- **Records provided**:

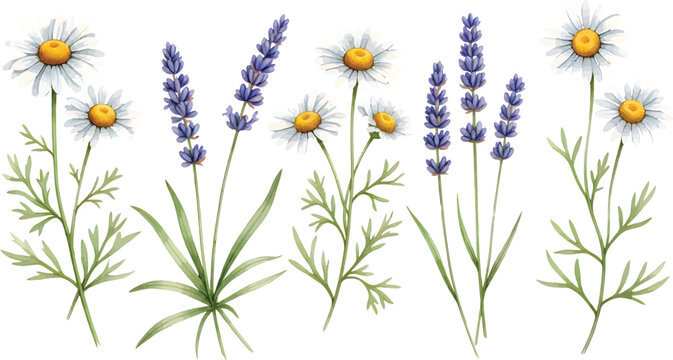Beautiful Watercolor Illustration Set Featuring Delicate Chamomile Flowers And Purple Lavender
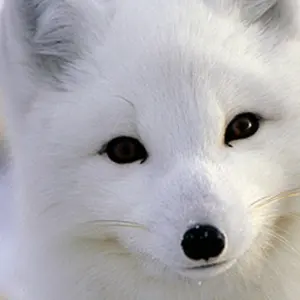 あき★閉店セール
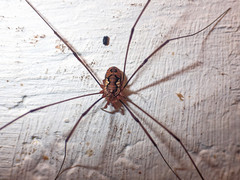 Dasylobus argentatus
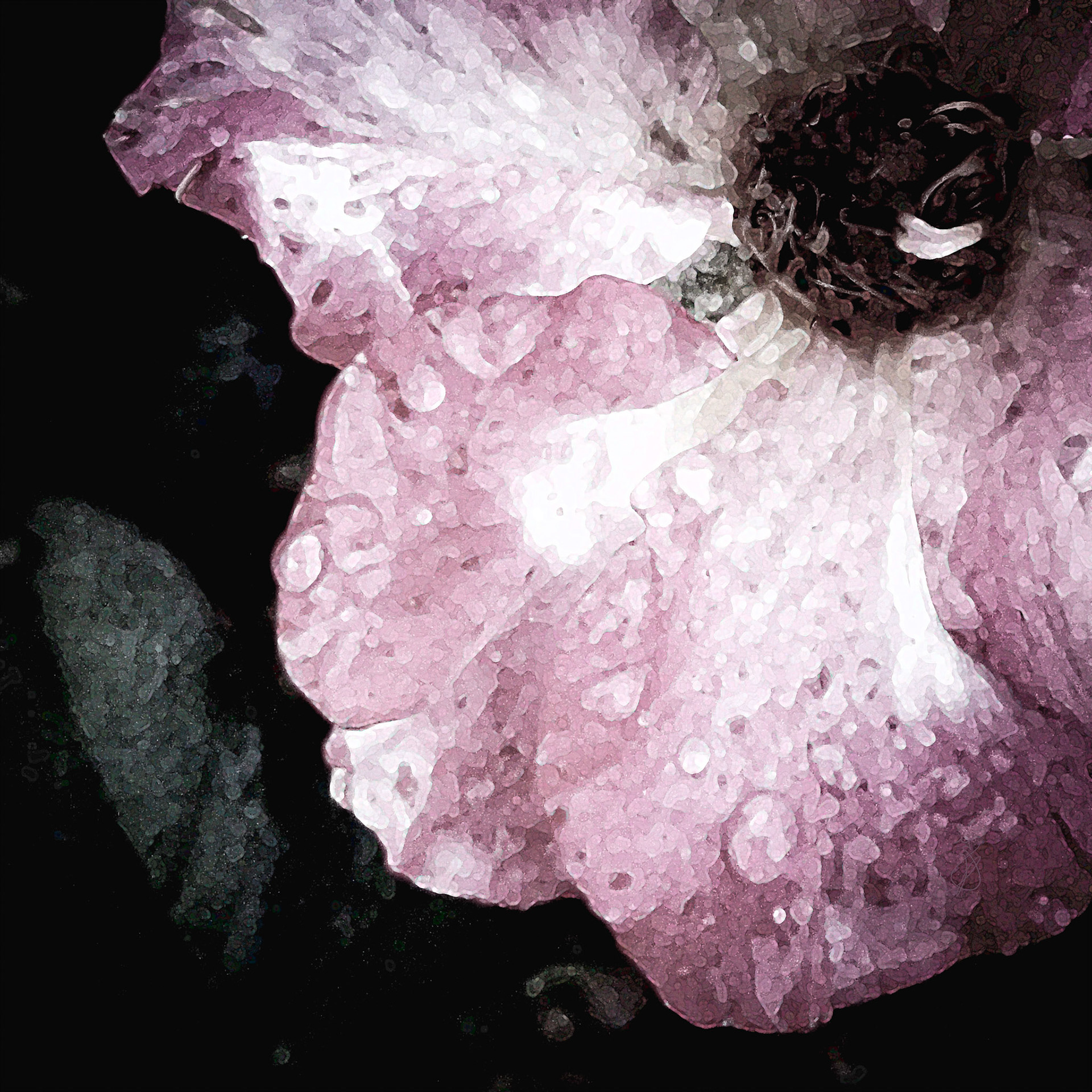 Altered Flowers - Fall 2021 - No. 003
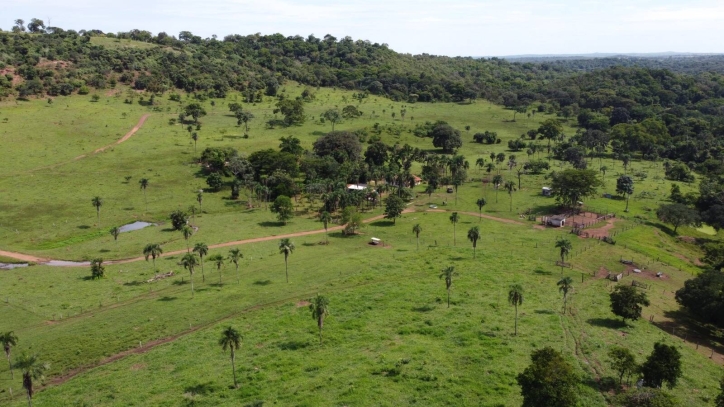Fazenda em Bom Jardim de Goiás/Goiás — Ref TBJJCE — Imagem 14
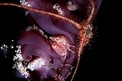 Granchio della pennatula (Porcellanella triloba)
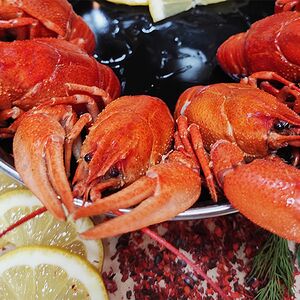 Раки вареные в ароматном бульоне крупные (15-19 шт. в кг.)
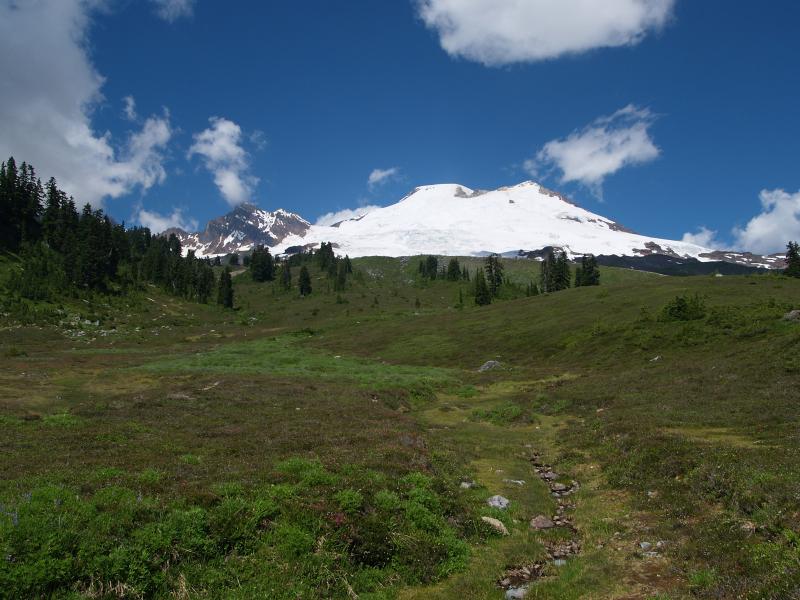 Mt Baker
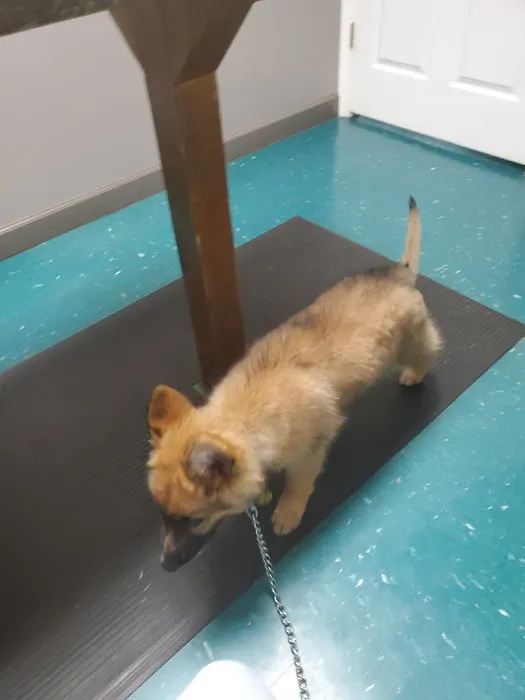 Dubois County Animal Hospital Picture 6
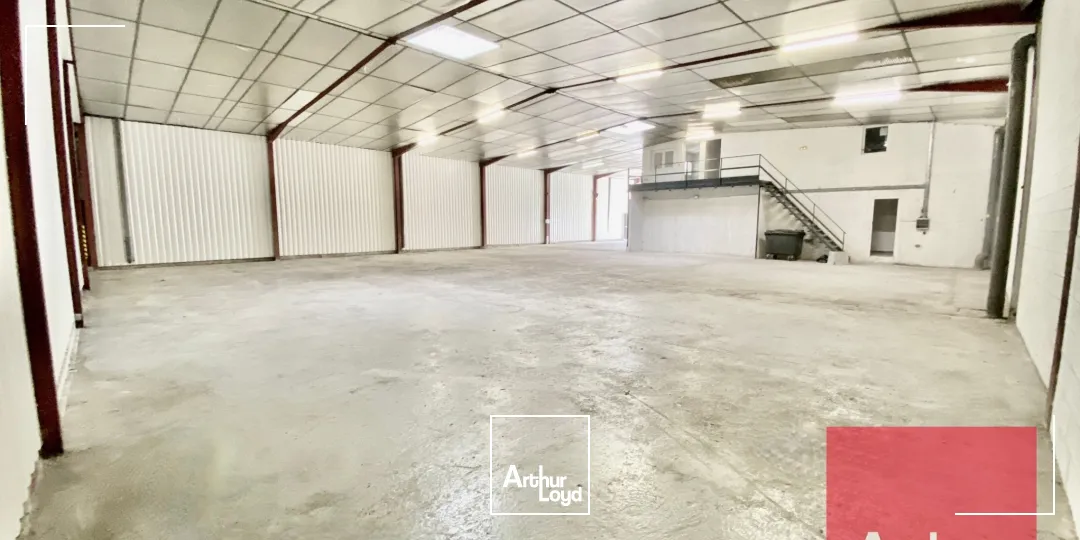Locaux d'activité & Entrepôts - Location - SAINT JEAN DE VEDAS - 34430 - 600-600 - 7980719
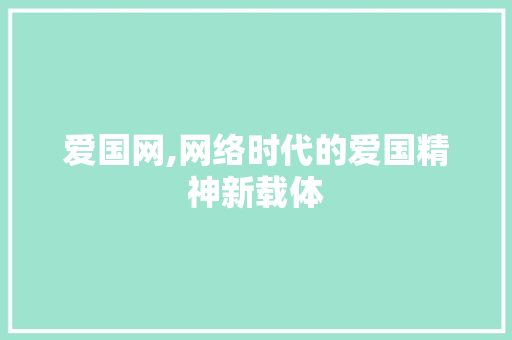 爱国网,网络时代的爱国精神新载体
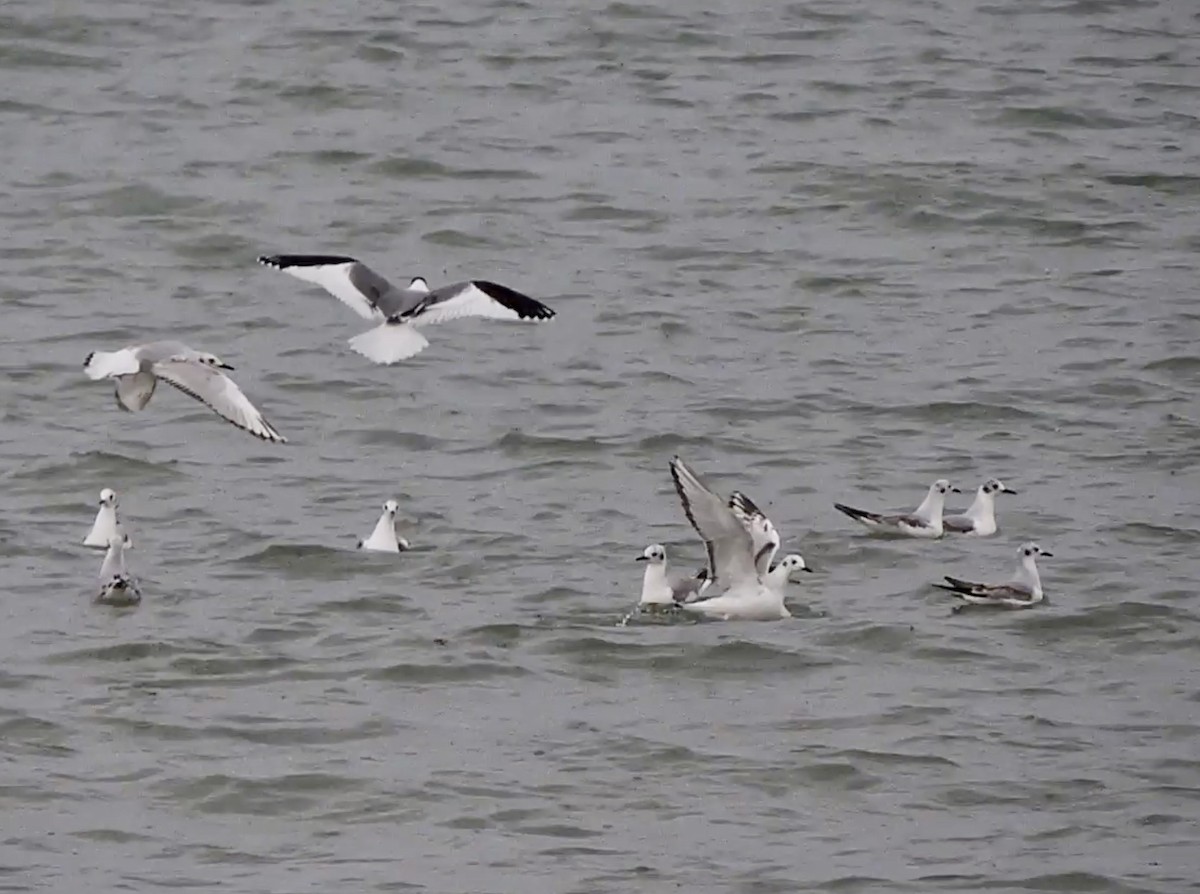 Mouette de Sabine - ML453151821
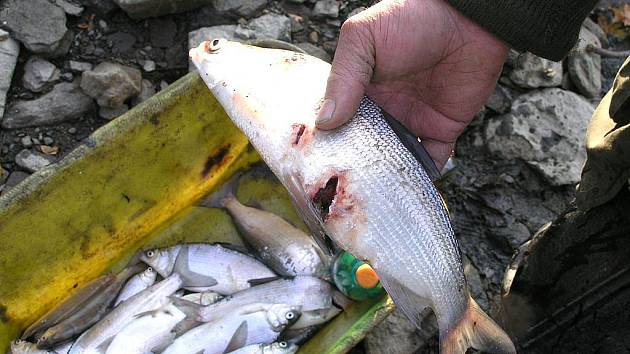 Kormorán likviduje malé i velké ryby. Ty, které není schopen spolknout, prostě jen vyžere a nechá na břehu.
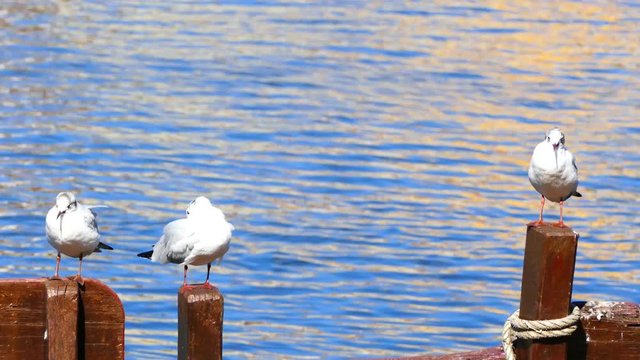 River gulls resting on the coastline of river.4K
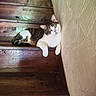 cat, tabby_cat, white_cat, wooden_stairs, stairs, indoor, pet, animal, feline, resting, relaxed, curious, green_eyes, texture, wall, brown, cozy, home, domestic, comfortable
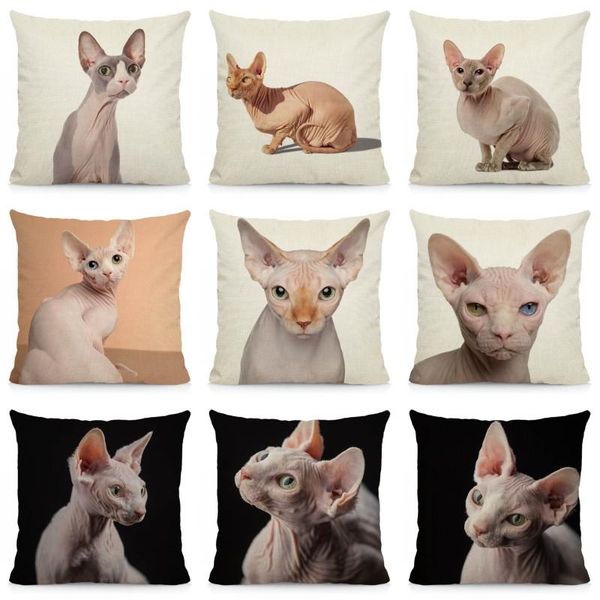 

cushion/decorative pillow xunyu cute canadian hairless cushion cover animal print throw case home decoration sofa pillowcase 45x45cm dwm007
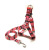 Factory Customized Medium to Large Dogs Dog Pet Printed Nylon Flat Traction Belt Rope I-Shaped Dog Leash Wholesale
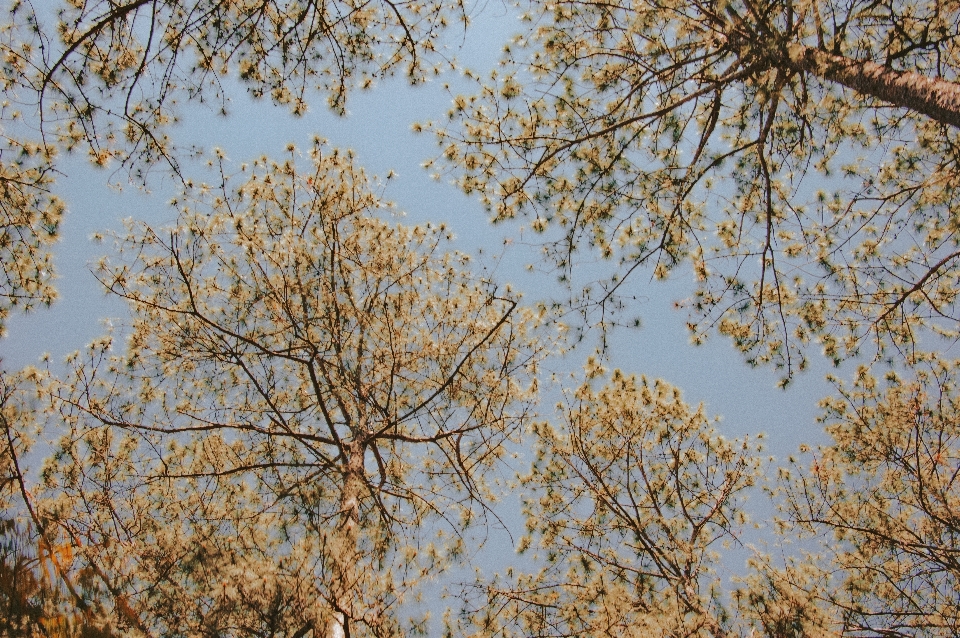 Nature plant tree sky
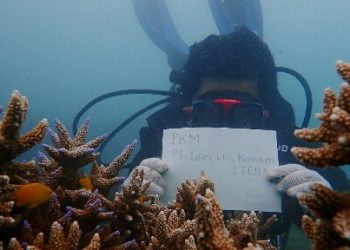 Mahasiswa dan Dosen SLL ITERA Rehabilitasi Terumbu Karang Teluk Kiluan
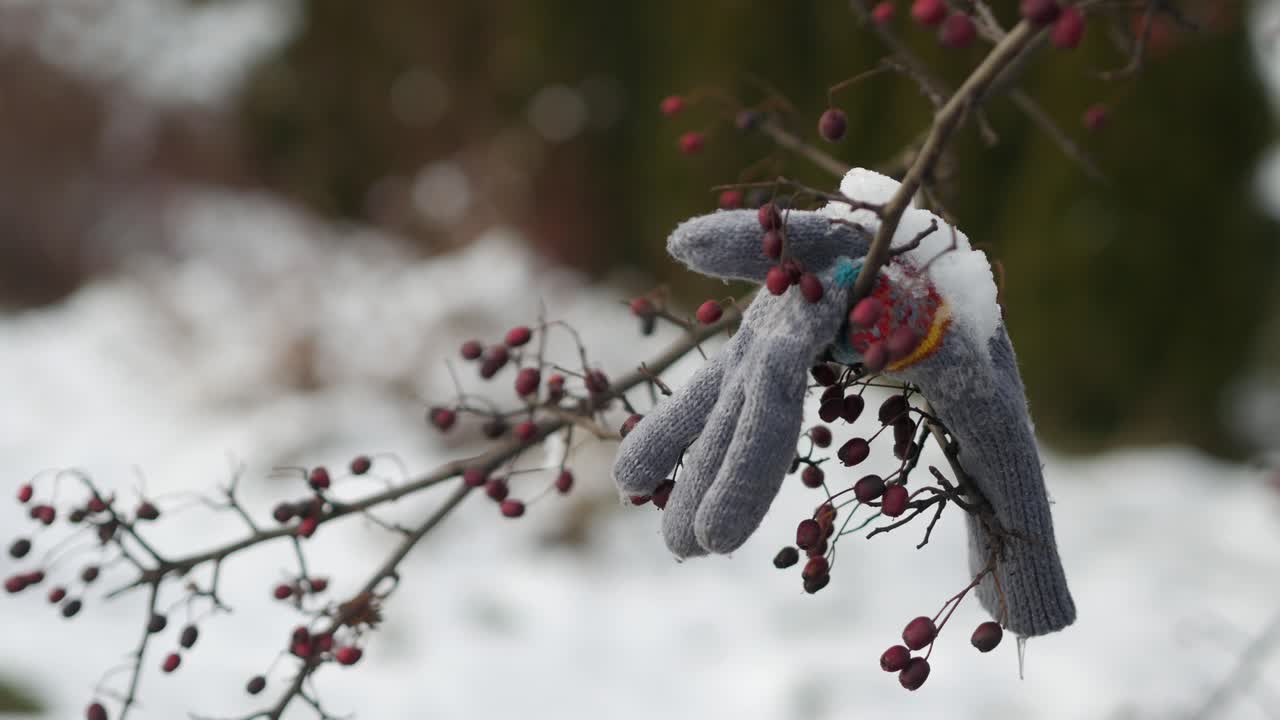 겨울날 나뭇가지에 잊혀진 겨울 장갑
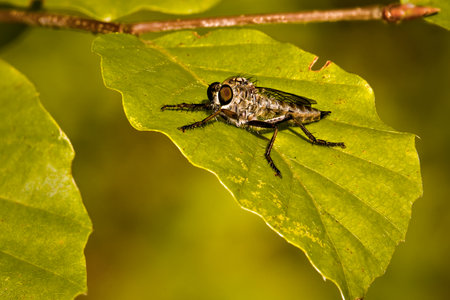 Olsztyn city forest. Insect on a leaf.の写真素材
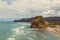 Piha beach view, western coast of Auckland, New Zealand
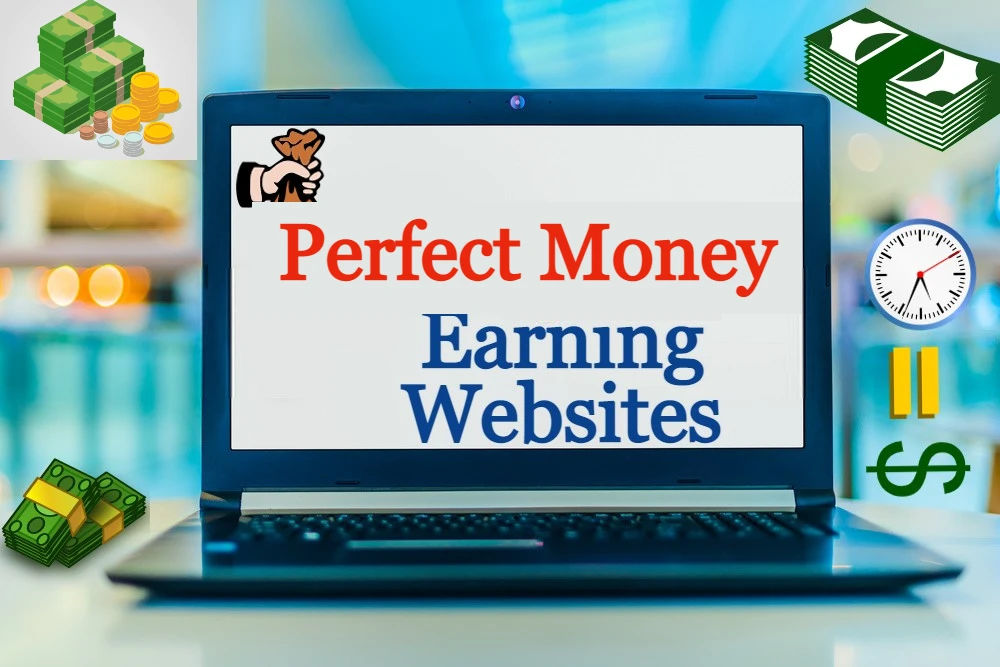 Best Perfect Money Earning Websites List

- **Required action**: What is needed here is an exact copy of every record, with the pictures left out.

- **Task solution**:
Beautiful Watercolor Illustration Set Featuring Delicate Chamomile Flowers And Purple Lavender
 あき★閉店セール
 Dasylobus argentatus
 Altered Flowers - Fall 2021 - No. 003
Fazenda em Bom Jardim de Goiás/Goiás — Ref TBJJCE — Imagem 14
 Granchio della pennatula (Porcellanella triloba)
 Раки вареные в ароматном бульоне крупные (15-19 шт. в кг.)
 Mt Baker
 Dubois County Animal Hospital Picture 6
Locaux d'activité & Entrepôts - Location - SAINT JEAN DE VEDAS - 34430 - 600-600 - 7980719
 爱国网,网络时代的爱国精神新载体
 Mouette de Sabine - ML453151821
 Kormorán likviduje malé i velké ryby. Ty, které není schopen spolknout, prostě jen vyžere a nechá na břehu.
 River gulls resting on the coastline of river.4K
 cat, tabby_cat, white_cat, wooden_stairs, stairs, indoor, pet, animal, feline, resting, relaxed, curious, green_eyes, texture, wall, brown, cozy, home, domestic, comfortable

cushion/decorative pillow xunyu cute canadian hairless cushion cover animal print throw case home decoration sofa pillowcase 45x45cm dwm007
 Factory Customized Medium to Large Dogs Dog Pet Printed Nylon Flat Traction Belt Rope I-Shaped Dog Leash Wholesale
 Nature plant tree sky
 Mahasiswa dan Dosen SLL ITERA Rehabilitasi Terumbu Karang Teluk Kiluan
 겨울날 나뭇가지에 잊혀진 겨울 장갑
 Olsztyn city forest. Insect on a leaf.の写真素材
 Piha beach view, western coast of Auckland, New Zealand
 Best Perfect Money Earning Websites List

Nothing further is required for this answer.